The provisions of paragraph 11(d) of clause 15 are remarkably similar to those of paragraph 8(b). Both appear to speak to the obligation of an employee to move from a furlough board to availability for some other form of service, either in a permanent or temporary position or vacancy or a temporary assignment, including spare board service. In the Arbitrator's view it is important to limit the interpretation of the phrase "to report" as it appears in paragraph 8(b) to the facts of the case at hand. The issue of what constitutes reporting for the purposes of responding to call for a permanent position, for example, does not arise on the facts disclosed. For the purposes of the case at hand, the Arbitrator need only deal with what might constitute the obligation to report for spare board duty. The language of paragraph 8(b) plainly ties the obligation to report to the call which triggers both the seventy-two hour and fifteen day periods contained within the paragraph. In that context, the call cannot easily be interpreted to mean a call to a specific spare board trip or assignment. Rather, it must be interpreted as relating to the obligation to present oneself as available to be placed upon the spare board, so as to be available for a specific call to work when when one's turn comes up.

The foregoing interpretation is, moreover, consistent with the realities of furlough board service. Employees who are on furlough boards may be idle for substantial periods of time. In this case, for example, there are two furlough boards at Halifax, each of which is idle for two weeks at a time, in turn. The fact that employees on a furlough board may absent themselves from their home for periods of time, in the expectation that they will not be called to work, explains the period of delay allowed within the provisions of clause 15 when furlough board employees are called to some other form of service.

The facts in the case at hand reveal that Mr. Ross was not in Halifax when he was called for spare board service on October 27, 1992. He did, however, call the crew dispatcher on November 9, 1992 and placed his name on the spare board, as being available for work. However, he could not be reached when his turn came due on November 11, and declined an assignment when his turn came due again on November 13.

The concept of reporting as it is understood in paragraph 8(b) of the Memorandum of Agreement must, at a minimum, imply that an employee, in good faith, places himself or herself as available for service and willing to undertake any ensuing work assignment.

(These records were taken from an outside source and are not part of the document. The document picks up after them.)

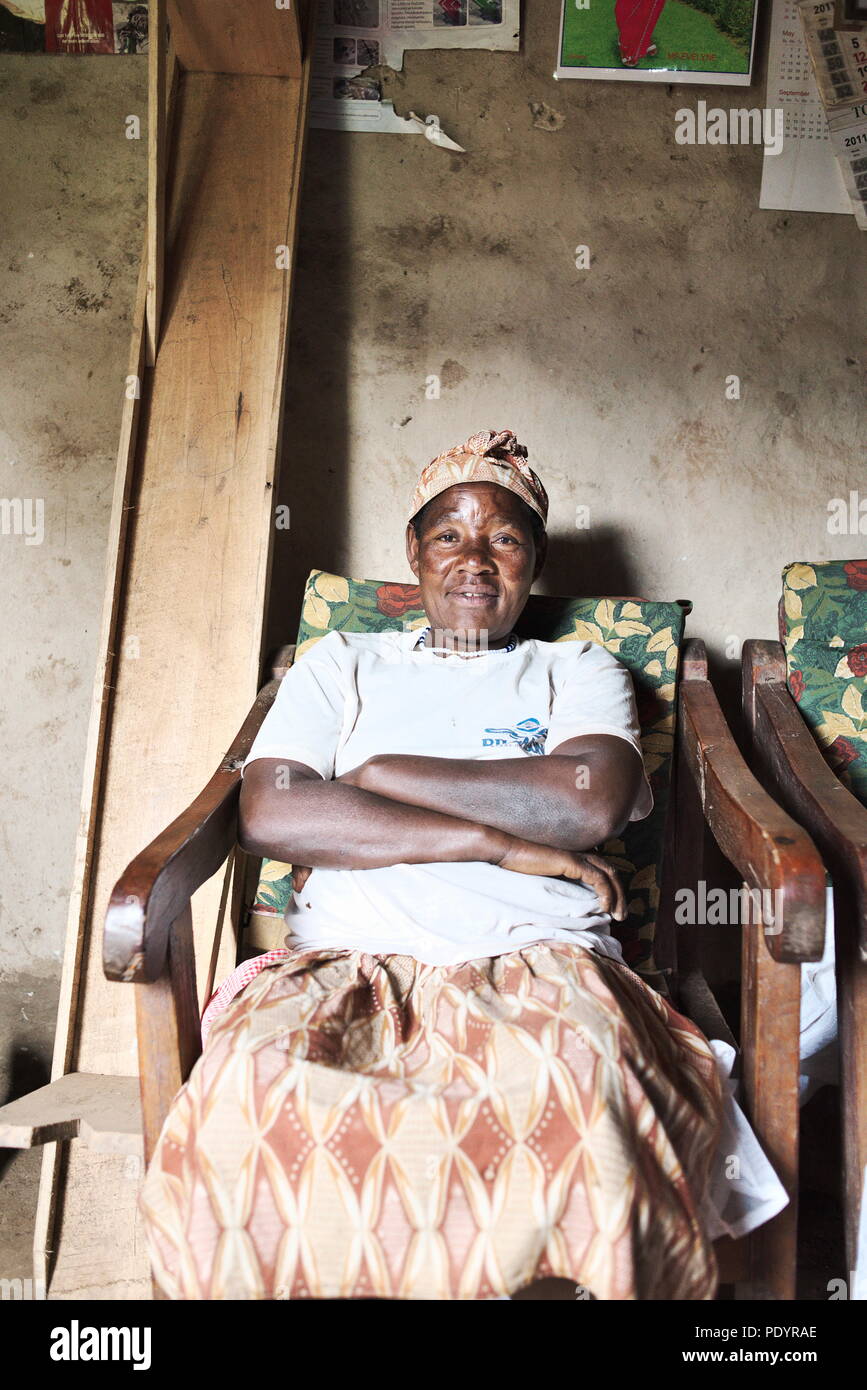 Donna ugandese a casa, in Uganda rurale, fissando la macchina fotografica. Cercando di lavorare da casa e sui campi, facendo dei soldi. Campagna Foto Stock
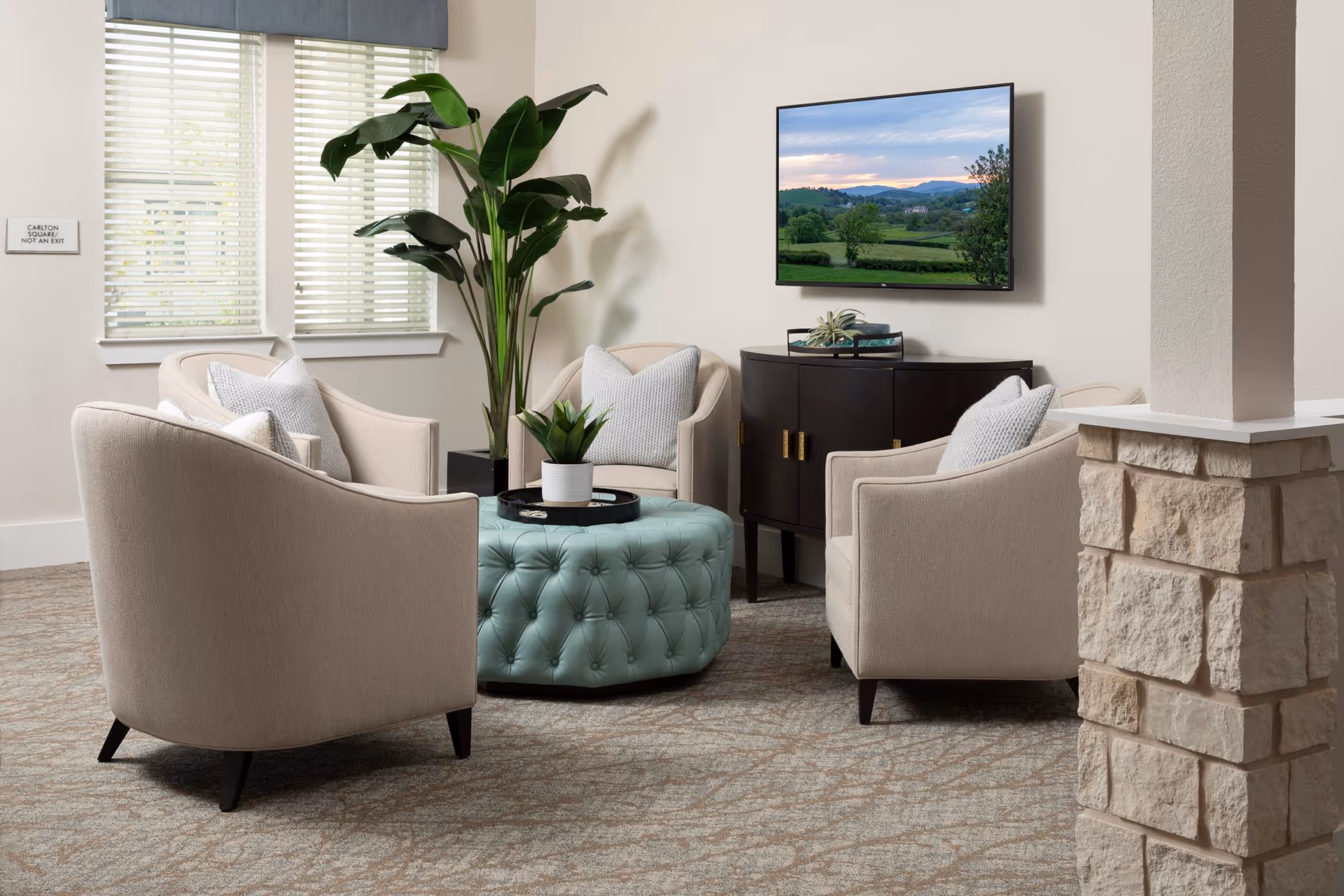 A cozy seating area in a senior living facility with four beige armchairs arranged around a round, tufted light blue ottoman. A small black tray with a potted plant sits on the ottoman. Behind the chairs, there is a dark wooden cabinet with decorative items on top and a flat-screen TV mounted on the wall displaying a scenic landscape. A large green plant is placed near two windows with white blinds, and a stone pillar is visible on the right side of the image.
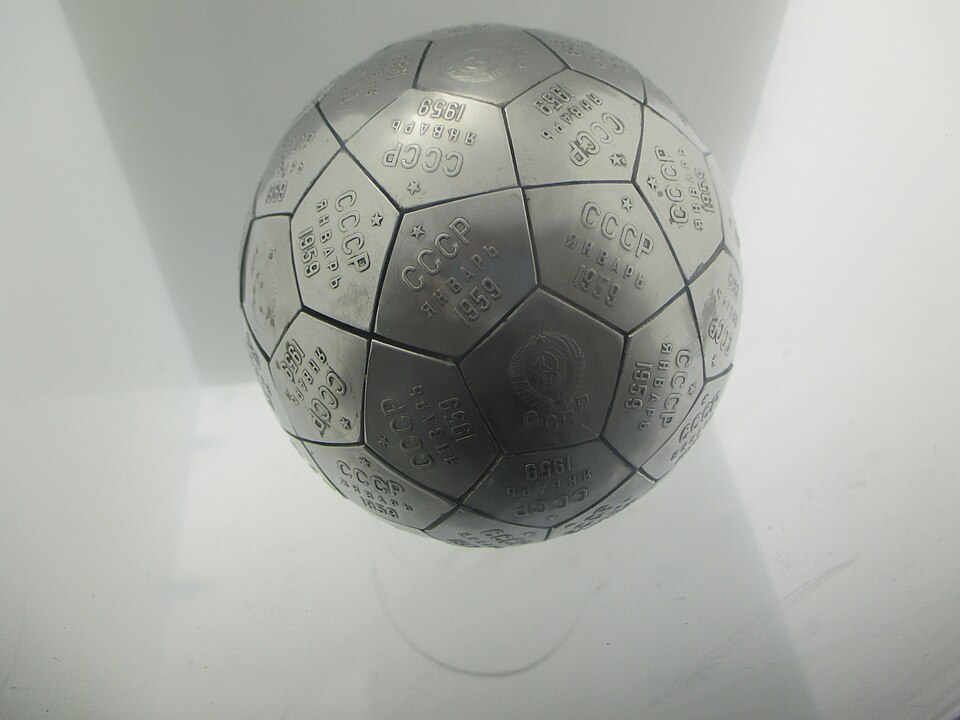 The copy of the Soviet pennant sent on the Luna 2 probe to the moon, at the Kansas Cosmosphere. The inscriptions (in Cyrillic script) say СССР Январь 1959 (USSR January 1959), shown together with the five-pointed star (Red Star, historical symbol of communism) and the coat of arms of the Soviet Union. Patrick Pelletier, CC BY-SA 3.0 , via Wikimedia Commons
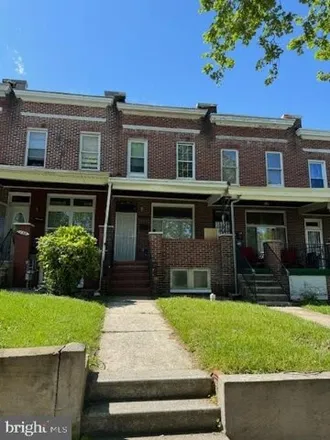 Rent this 4 bed townhouse on 130 South Culver Street in Baltimore, MD 21229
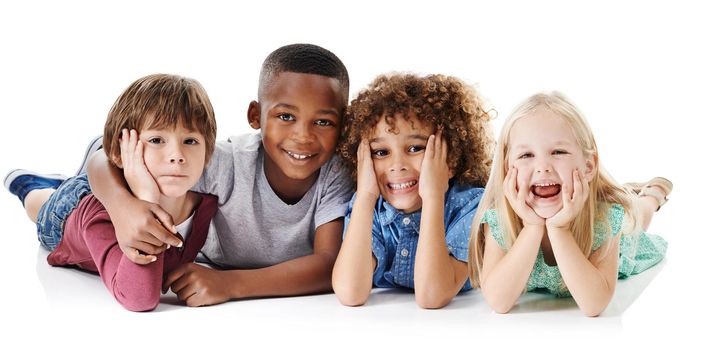 Studio shot of a group of young friends lying on the floor together against a white background.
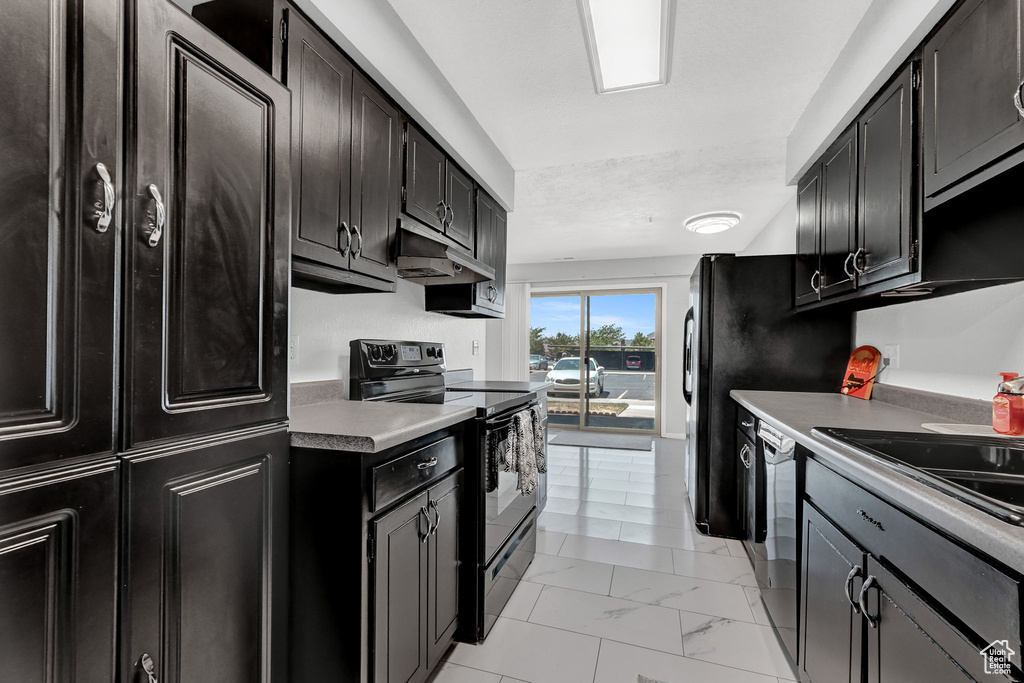 Kitchen with light tile patterned flooring, electric range, and dishwasher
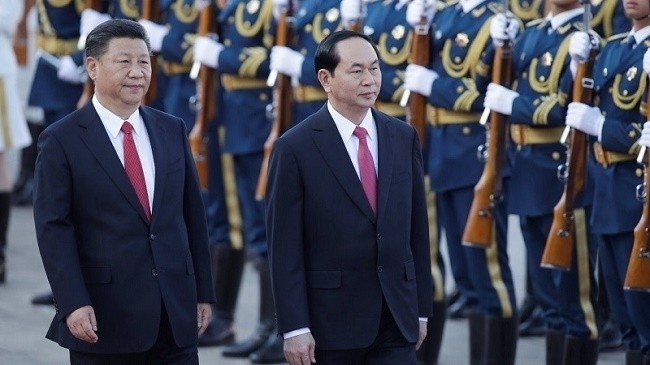 President Tran Dai Quang (R) and Chinese President Xi Jinping (Photo: VNA)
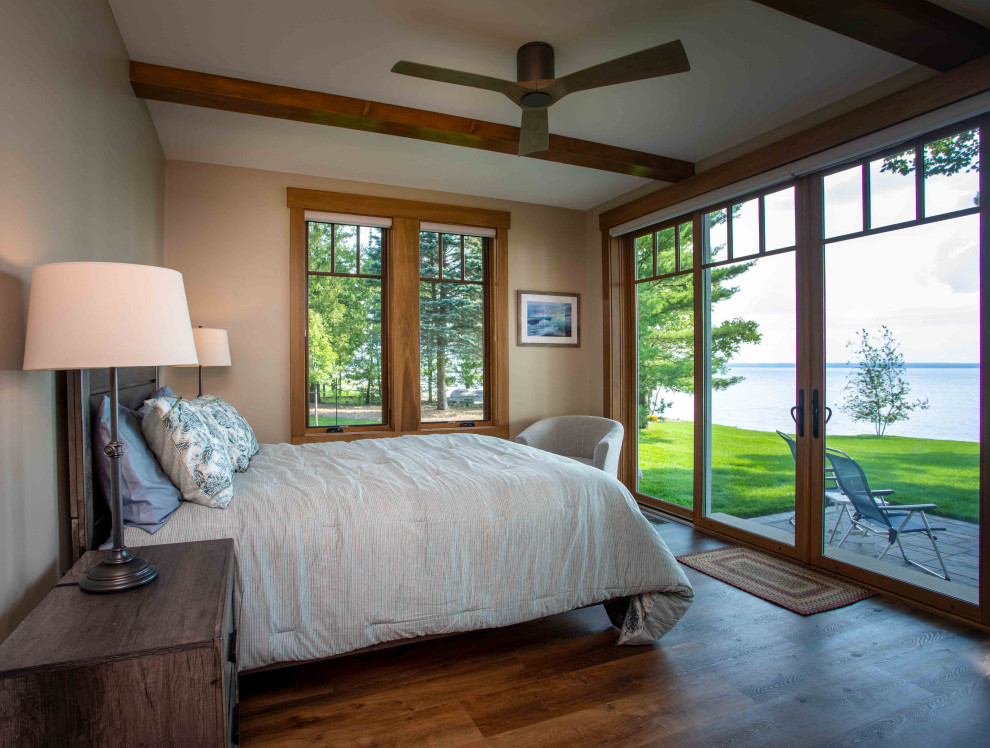 Großes Hauptschlafzimmer mit beiger Wandfarbe, braunem Holzboden, braunem Boden und freigelegten Dachbalken in Sonstige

While unforeseen circumstances may excuse an employee who has reported from the subsequent failure to protect a specific assignment, there can be no excuse for the employee who purports to report while harbouring no true intention of protecting any assignment of work. In the case at hand the Arbitrator is satisfied that Mr. Ross intended to manipulate the system so as to ensure his continuing unavailability for any assignment, as it appears he had since August 2, 1992. In these circumstances I cannot find that there was a true "reporting" within the meaning of paragraph 8(b) of the Memorandum of Agreement. In the result the grievor duly forfeited his seniority and his employment. In coming to that conclusion, the Arbitrator is satisfied that Mr. Ross did not provide a satisfactory explanation for his abandonment of his employment obligations.

For these reasons the grievance must be dismissed.